La raison de ce retour au cinéma d'action vient probablement aussi de Ringo Lam, le cinéaste chinois qui a réussi le mieux à s'intégrer à la culture américaine dans ses films (en effet, alors que Chasse à l'homme et Piège à Hong Kong portent ouvertement la marque du cinéma chinois, Risque maximum est un pur film américain). Lam n'a jamais cherché, dans ses deux films hollywoodiens, à bouleverser le cinéma américain. Bien au contraire, sa méthode est plus insidieuse. Dans Risque maximum, il s'essayait au film policier musclé mais réalisait finalement un film très proche du cinéma français des années 1970. Lam ne donne finalement pas ce qu'on peut attendre de lui. Il ne pouvait que s'entendre avec un Van Damme à la recherche d'une nouvelle respectabilité. On voit bien ici ce qui a pu plaire à l'acteur. Un double rôle comme il les affectionne (Double impact, Risque maximum), un fort potentiel en scènes d'action, un postulat qui chemine entre action et SF (genre dans lequel il a par le passé excellé en terme de box office). Mais surtout, le scénario ne pouvait que lui plaire tout simplement parce qu'il ne raconte rien d'autre que l'histoire de l'acteur lui même. Celle d'une renaissance, d'une seconde chance. Le clone garde en mémoire les événements de Torch, mais il est libre de les renier ou de les accepter. Le tueur a ainsi l'opportunité de renaître à travers ce personnage foncièrement bon et honnête, délivré en tout cas des démons de l'enfance (mère abusive et traumatisante). Tout comme Van Damme qui se voit offrir avec ce film une chance de faire table rase des critiques haineuses qui ne se contentent bien souvent de ne citer que des phrases d'une interview "aouaire" hilarante. Jeanclod retrouve Van Damme , son double, son "replicant", bien décidé à récupérer une partie de son public passé.

Et que vaut-il dans Replicant, Van Damme, justement ? Disons le franchement, il est superbe, dans les deux rôles. L'avantage de cet acteur sur un Steven Seagal par exemple, c'est qu'il ne s'est jamais pris au sérieux, il a toujours cherché des personnages qui ne lui demandaient pas plus d'expressions que celles que son jeu d'acteur limité pouvait lui fournir.

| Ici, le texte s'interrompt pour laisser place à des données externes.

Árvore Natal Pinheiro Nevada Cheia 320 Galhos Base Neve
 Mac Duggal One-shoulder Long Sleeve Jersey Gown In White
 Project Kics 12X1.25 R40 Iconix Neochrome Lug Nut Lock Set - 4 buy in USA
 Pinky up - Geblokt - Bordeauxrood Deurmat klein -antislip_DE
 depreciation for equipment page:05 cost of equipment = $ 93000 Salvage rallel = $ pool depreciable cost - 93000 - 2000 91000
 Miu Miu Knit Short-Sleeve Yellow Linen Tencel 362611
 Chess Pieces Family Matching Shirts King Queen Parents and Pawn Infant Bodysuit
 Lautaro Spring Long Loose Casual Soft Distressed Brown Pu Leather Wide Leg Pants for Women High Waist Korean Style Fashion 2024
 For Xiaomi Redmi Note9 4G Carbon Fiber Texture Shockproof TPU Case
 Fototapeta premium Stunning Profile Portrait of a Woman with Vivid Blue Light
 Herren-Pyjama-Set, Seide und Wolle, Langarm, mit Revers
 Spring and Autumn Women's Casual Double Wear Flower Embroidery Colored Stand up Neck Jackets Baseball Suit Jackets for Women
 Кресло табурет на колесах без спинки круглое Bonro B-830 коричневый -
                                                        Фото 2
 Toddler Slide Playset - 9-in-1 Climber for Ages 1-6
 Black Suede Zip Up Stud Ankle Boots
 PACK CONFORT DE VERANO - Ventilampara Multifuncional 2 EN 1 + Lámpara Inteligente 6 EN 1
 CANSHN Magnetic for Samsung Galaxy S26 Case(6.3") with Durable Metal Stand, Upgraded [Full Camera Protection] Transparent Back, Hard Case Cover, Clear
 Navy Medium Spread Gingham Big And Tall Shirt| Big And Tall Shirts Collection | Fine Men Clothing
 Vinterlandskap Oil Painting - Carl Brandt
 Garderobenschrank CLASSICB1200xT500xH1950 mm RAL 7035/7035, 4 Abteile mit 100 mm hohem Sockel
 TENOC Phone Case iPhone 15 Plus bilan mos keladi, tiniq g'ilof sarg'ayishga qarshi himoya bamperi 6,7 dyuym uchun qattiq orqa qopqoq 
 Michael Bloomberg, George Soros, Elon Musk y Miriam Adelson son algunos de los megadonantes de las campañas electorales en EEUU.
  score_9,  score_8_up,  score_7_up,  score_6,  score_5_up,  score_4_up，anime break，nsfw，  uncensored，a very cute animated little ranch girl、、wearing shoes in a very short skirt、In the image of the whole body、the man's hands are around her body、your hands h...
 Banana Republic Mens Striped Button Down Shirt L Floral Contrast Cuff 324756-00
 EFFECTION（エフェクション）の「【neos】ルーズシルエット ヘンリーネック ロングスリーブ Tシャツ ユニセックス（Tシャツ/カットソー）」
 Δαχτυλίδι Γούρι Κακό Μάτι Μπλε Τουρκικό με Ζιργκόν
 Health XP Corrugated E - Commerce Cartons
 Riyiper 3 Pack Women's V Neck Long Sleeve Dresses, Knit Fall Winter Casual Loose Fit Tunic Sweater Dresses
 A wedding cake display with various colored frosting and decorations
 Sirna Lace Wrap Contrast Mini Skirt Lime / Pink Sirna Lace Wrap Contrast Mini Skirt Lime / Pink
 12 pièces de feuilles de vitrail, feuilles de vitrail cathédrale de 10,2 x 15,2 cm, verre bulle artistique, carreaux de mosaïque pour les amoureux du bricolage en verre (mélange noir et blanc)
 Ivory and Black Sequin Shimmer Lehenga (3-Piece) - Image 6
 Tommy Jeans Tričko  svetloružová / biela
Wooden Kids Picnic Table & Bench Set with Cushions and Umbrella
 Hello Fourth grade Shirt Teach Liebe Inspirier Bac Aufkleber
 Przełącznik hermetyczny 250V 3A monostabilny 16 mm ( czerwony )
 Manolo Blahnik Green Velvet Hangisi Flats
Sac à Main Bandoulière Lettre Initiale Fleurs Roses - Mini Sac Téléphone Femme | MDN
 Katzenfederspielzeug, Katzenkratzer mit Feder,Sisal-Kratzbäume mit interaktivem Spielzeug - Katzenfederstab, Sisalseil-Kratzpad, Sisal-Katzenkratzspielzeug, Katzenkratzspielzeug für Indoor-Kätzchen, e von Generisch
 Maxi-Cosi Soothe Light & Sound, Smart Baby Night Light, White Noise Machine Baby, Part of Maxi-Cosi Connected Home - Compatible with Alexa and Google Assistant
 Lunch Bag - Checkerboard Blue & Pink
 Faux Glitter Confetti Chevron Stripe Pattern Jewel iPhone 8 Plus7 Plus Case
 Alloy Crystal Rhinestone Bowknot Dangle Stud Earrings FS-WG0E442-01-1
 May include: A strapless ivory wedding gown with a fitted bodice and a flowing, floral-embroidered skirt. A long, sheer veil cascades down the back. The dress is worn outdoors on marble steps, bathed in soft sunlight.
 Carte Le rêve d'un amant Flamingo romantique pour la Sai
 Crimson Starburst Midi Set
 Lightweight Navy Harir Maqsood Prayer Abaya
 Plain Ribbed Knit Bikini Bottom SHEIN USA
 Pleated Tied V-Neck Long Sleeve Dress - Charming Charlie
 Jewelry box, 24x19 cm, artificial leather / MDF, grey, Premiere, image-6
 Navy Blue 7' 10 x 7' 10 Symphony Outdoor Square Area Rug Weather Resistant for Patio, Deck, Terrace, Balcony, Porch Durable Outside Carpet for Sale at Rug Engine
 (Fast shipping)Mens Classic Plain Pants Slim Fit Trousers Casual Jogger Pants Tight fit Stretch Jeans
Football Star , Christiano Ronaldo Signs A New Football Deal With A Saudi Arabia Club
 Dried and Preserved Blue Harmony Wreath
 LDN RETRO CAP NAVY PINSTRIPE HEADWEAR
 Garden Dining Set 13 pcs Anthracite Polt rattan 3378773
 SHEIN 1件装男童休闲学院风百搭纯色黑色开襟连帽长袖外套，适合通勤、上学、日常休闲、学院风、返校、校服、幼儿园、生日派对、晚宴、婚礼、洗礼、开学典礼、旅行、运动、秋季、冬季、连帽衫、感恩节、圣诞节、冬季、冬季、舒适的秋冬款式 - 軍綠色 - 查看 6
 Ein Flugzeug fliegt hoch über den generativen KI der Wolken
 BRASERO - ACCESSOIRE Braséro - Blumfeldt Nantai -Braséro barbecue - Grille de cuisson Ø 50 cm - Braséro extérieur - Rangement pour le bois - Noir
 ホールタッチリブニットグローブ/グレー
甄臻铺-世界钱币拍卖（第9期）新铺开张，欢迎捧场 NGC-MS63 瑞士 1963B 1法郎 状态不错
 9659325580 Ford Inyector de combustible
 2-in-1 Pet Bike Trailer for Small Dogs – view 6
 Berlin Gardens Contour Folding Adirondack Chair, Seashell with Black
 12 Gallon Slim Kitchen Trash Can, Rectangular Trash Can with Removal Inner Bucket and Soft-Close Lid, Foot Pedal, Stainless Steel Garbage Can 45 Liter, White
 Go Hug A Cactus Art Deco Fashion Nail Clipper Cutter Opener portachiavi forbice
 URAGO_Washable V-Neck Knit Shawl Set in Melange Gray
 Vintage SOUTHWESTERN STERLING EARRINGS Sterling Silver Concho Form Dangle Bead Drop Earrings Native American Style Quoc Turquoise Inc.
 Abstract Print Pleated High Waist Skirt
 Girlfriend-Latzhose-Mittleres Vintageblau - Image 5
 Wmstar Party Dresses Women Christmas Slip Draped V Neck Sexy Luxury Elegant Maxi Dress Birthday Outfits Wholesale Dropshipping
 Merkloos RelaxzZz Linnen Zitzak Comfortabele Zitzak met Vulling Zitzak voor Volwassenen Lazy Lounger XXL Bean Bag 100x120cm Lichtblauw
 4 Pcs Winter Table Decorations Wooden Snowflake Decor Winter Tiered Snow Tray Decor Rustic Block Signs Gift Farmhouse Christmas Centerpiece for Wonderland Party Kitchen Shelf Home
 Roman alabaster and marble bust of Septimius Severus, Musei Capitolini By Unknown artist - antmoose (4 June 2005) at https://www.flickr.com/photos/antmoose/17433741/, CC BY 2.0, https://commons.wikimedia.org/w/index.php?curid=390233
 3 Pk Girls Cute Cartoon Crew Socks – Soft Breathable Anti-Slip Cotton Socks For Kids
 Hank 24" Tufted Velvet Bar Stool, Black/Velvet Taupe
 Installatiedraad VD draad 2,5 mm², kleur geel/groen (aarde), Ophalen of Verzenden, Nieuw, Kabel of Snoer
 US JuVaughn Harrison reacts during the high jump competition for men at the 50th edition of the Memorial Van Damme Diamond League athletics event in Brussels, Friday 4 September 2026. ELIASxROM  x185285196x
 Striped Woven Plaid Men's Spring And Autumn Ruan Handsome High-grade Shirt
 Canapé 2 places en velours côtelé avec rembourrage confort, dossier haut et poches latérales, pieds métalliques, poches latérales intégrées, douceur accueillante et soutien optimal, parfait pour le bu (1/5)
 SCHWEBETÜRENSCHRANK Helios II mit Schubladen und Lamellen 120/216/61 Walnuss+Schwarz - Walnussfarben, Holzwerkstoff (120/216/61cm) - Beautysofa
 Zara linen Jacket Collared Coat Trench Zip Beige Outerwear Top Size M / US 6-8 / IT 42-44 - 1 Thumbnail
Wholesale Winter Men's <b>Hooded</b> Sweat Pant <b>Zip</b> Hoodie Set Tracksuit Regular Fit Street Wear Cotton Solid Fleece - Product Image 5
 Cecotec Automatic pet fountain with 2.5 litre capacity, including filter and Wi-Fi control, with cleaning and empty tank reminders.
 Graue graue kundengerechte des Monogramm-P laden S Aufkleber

Ici, il joue donc les rôles d'un tueur froid et sanguinaire et d'un enfant dans un corps d'adulte. Bien entendu, on pourra ironiser en disant que ce dernier n'est pas un rôle de composition. Peu importe, il est excellent. Tour à tour inquiétant, drôle, sensible, touchant, émouvant. Ce double rôle est pour lui un véritable cadeau d'un scénariste à un acteur, le rôle d'une vie. Et la grosseur apparente des traits du scénario ne cache pas la finesse de ces deux personnages presque identiques. L'un à la recherche d'une famille, d'un passé, l'autre constamment en fuite, poursuivi par ce même passé. L'un remplaçant progressivement l'autre. Une très belle idée. La transition, la renaissance, se faisant bien entendu dans la douleur et la violence. C'est là aussi que le film surprend, dans cette violence excessive, qui fait de Replicant le film le plus sombre de la star. Brutal, le personnage de Torch massacre des femmes, les brûle sous les yeux de leurs enfants, tabassent des malades et des infirmières dans un hôpital, tue plusieurs personnes de sang froid, laissant le spectateur incapable de prévoir véritablement les événements qui vont suivre. Car avec un tel personnage, à l'image du tueur de Seven, absolument tout est possible. L'allusion au film de Fincher n'étant pas hasardeuse puisque Replicant cite ouvertement Seven lors de la scène de perquisition de l'appartement du tueur. Van Damme a eu une seconde chance, et il a su la saisir avec un brio et un professionnalisme immenses. Ne vous laissez pas avoir par l'image d'abruti aouaire qu'il se traîne. Allez voir ce film devant lequel on prend un plaisir immense à revoir un acteur qu'on avait trop longtemps mis de côté. Un acteur qui revient sur le devant de la scène grâce à un film foutrement bien foutu. Des retrouvailles, en somme.
Anecdotes
Pour son interprétation du clone, Jean-Claude Van Damme s'est inspiré de documentaires animaliers, imitant ainsi la démarche d'un ourson replié sur lui-même.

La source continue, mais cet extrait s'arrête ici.